┌─ EXTRACTED ENTRIES

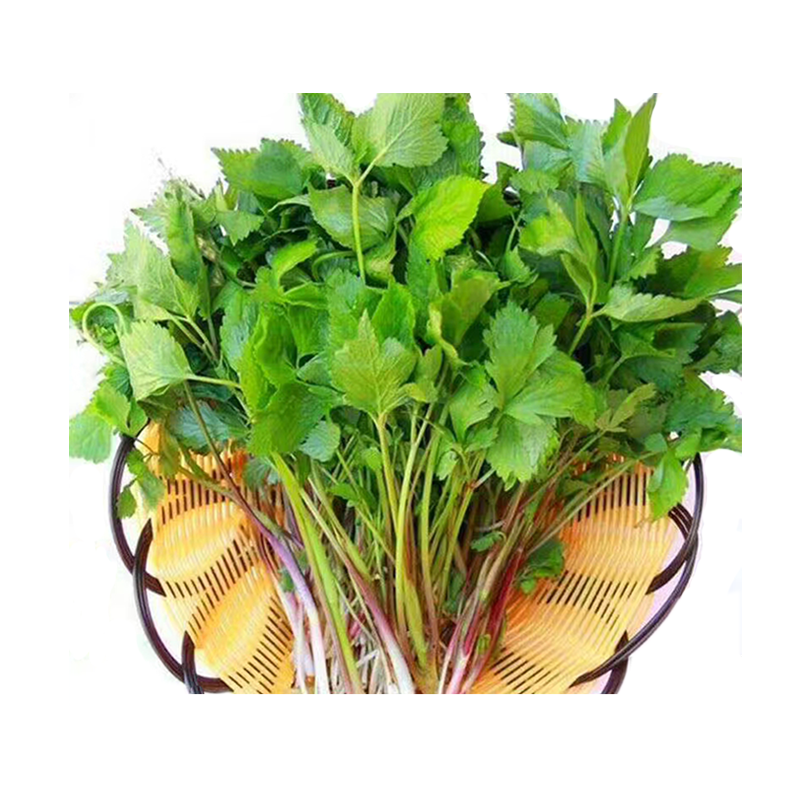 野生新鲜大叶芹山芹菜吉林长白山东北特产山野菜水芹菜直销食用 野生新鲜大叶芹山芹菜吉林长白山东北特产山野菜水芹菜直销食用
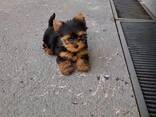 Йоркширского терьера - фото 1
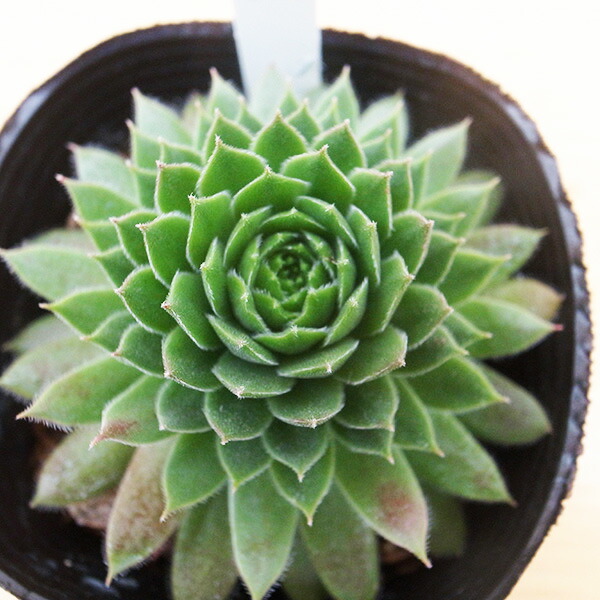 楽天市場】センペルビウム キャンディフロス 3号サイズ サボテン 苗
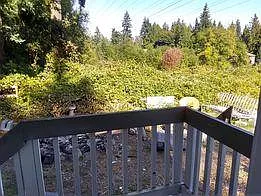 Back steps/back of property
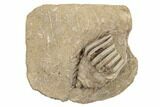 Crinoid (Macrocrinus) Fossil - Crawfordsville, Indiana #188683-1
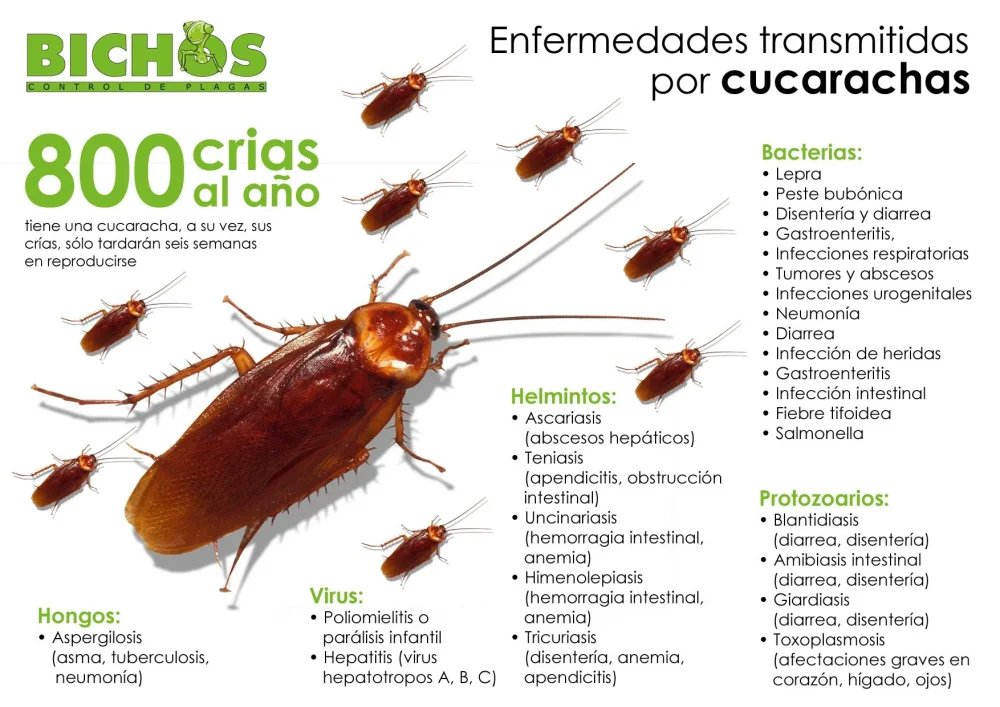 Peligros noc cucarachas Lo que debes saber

└─
┌─ EXTRACTED ENTRIES

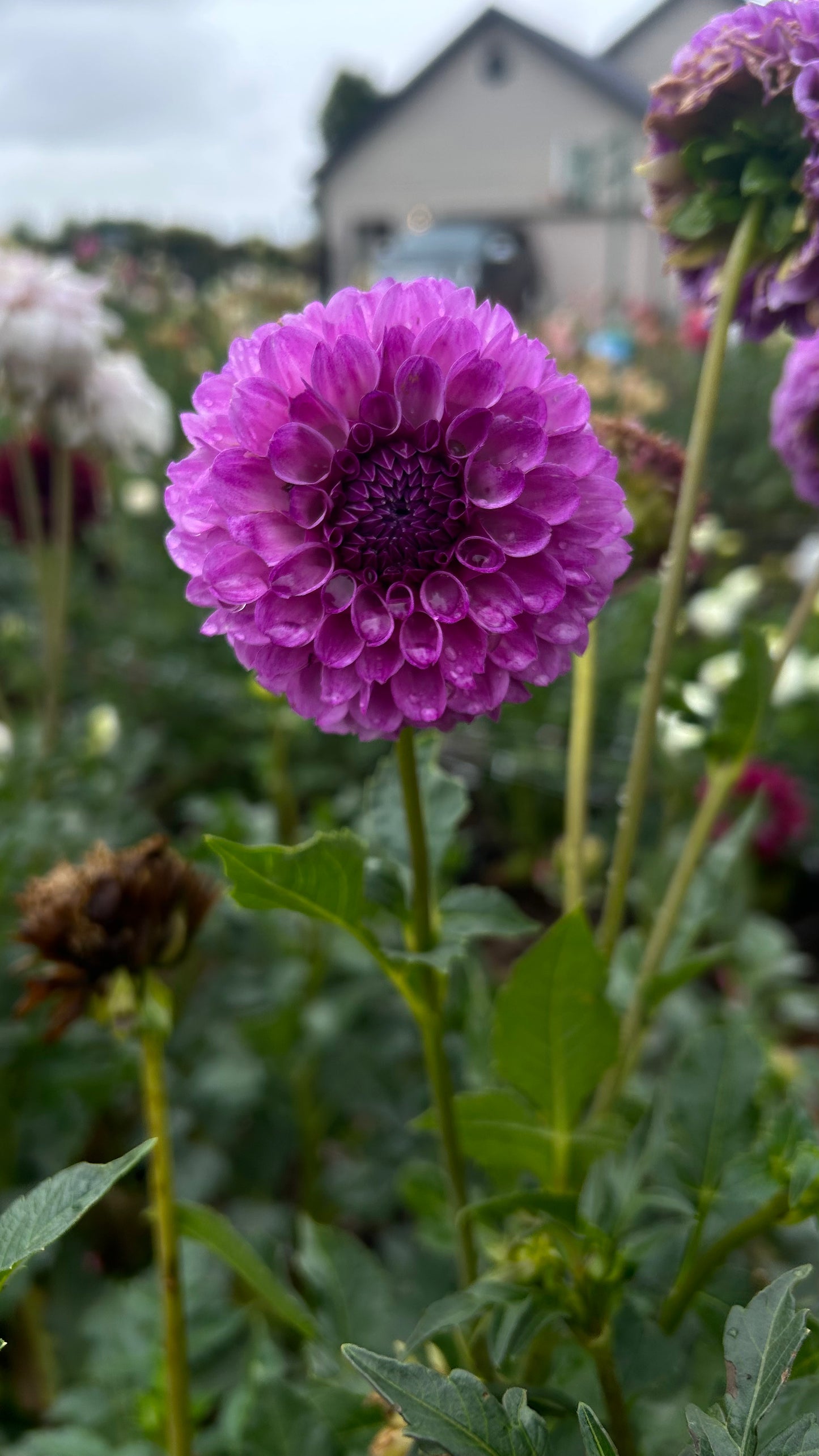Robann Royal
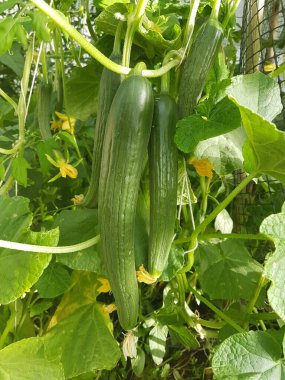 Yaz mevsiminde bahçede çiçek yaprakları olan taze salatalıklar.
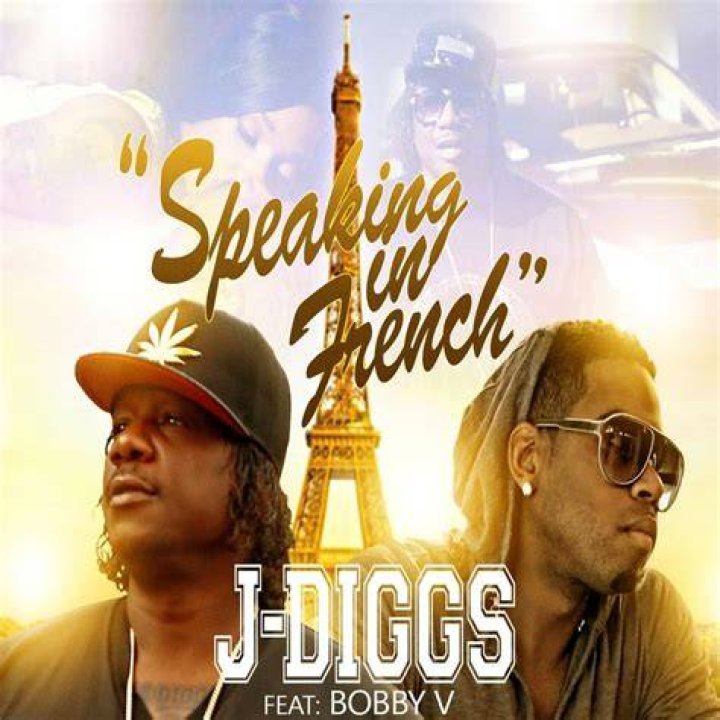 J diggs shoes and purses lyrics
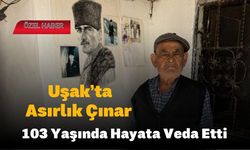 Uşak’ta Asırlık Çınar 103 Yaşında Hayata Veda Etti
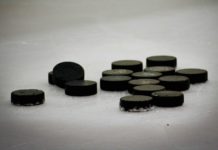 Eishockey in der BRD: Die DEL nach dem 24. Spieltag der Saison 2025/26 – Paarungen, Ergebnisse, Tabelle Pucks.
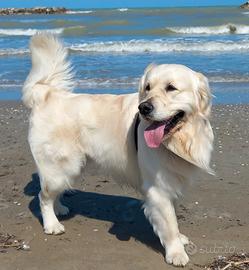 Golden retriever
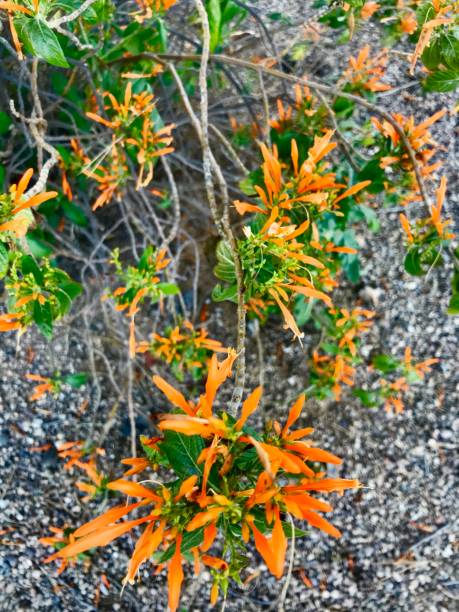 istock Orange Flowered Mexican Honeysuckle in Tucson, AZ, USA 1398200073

└─

ABOUT THIS EXERCISE:
Leave out every picture, and copy exactly the lines above starting at the one holding "Yaz mevsiminde bahçede" and ending at the one holding "istock Orange Flowered", no more and no less.

REPLY:
 Yaz mevsiminde bahçede çiçek yaprakları olan taze salatalıklar.
 J diggs shoes and purses lyrics
 Uşak’ta Asırlık Çınar 103 Yaşında Hayata Veda Etti
 Eishockey in der BRD: Die DEL nach dem 24. Spieltag der Saison 2025/26 – Paarungen, Ergebnisse, Tabelle Pucks.
 Golden retriever
 istock Orange Flowered Mexican Honeysuckle in Tucson, AZ, USA 1398200073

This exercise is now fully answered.